I had been struggling with this blog post since I agreed to write it. I am not really good at writing on demand. I have to somehow feel my subject and while I have had plenty of wonderful opportunities recently about which I could write none of them had really given me inspiration. I knew what I wanted to write about but was not sure that I could or should.
I am a believer in signs from above and I think the DM was my sign to write a blog that has been on my heart for some time.
Picture the airport on a busy weekend afternoon. All sorts of people are briskly walking through terminals, coffee shops are full, and travelers are buying last minute souvenirs to take home to children, partners, grandchildren, colleagues… Most of the seats in the gate areas are filled; children are alternately happy and whiny. Parents are doing their best to keep the little ones occupied as the plane has been delayed yet again. Tempers are short and yet everyone is smiling and making the best of their travel day.
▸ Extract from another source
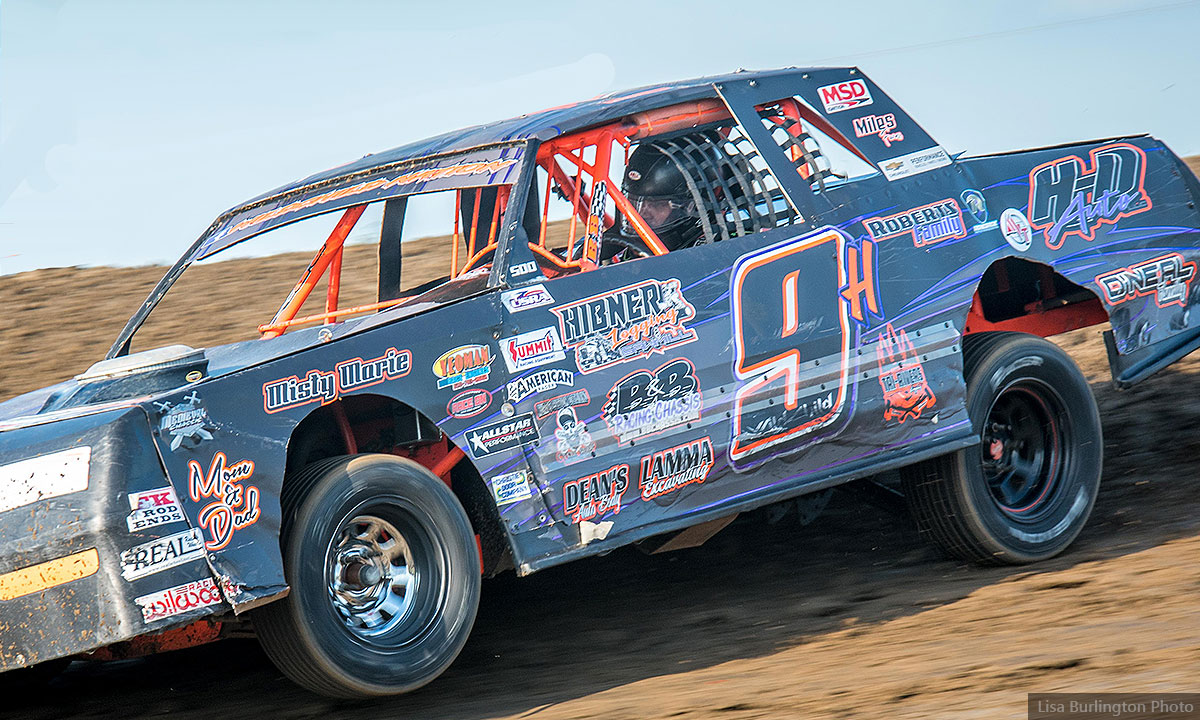 Nic Hanes has clinched the Medieval USRA Stock Car track championship heading into this Saturday's season finale at the I-35 Speedway. (Lisa Burlington Photo)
And in the corner is the woman. She looks like she is trying to blend into the wall. She is on her cell phone. And…she is crying. Not just crying but very nearly bawling. You can’t quite make out the words and you are very uncomfortable with her presence. She is me. Very literally she was me this past weekend.
I have a secret life. We all do.
Mine is filled with a father struggling with Alzheimer’s. He was a college professor, a thinker and now he spends his time desperately trying to focus on small things. He calls my husband several times a day to ask about the garden. He asks me each time we talk me if my daughter is happy in high school. He asks me 13 times in a 10 minute conversation. He still knows my name. I sit near him at church to make sure he knows the people who come to talk to him after service.
Mine is filled with a mother who is now a caregiver. She married a man for his mind and the deep and rich conversations they would have about education, religion and their children. Her life is now filled with making sure he eats enough, listening to his stories 40 times an hour and pretending to be okay. I stop by many times a week so she can have someone to talk with about her day. Usually she says everything is fine. I know she is lying.
Mine is filled with a teenager who is often so angry she tells me she hates me and wishes I would die. I know she does not mean it but it does not make the words hurt any less. The tension at home can be so thick that on many days that I wish I could stay at the office and keep working.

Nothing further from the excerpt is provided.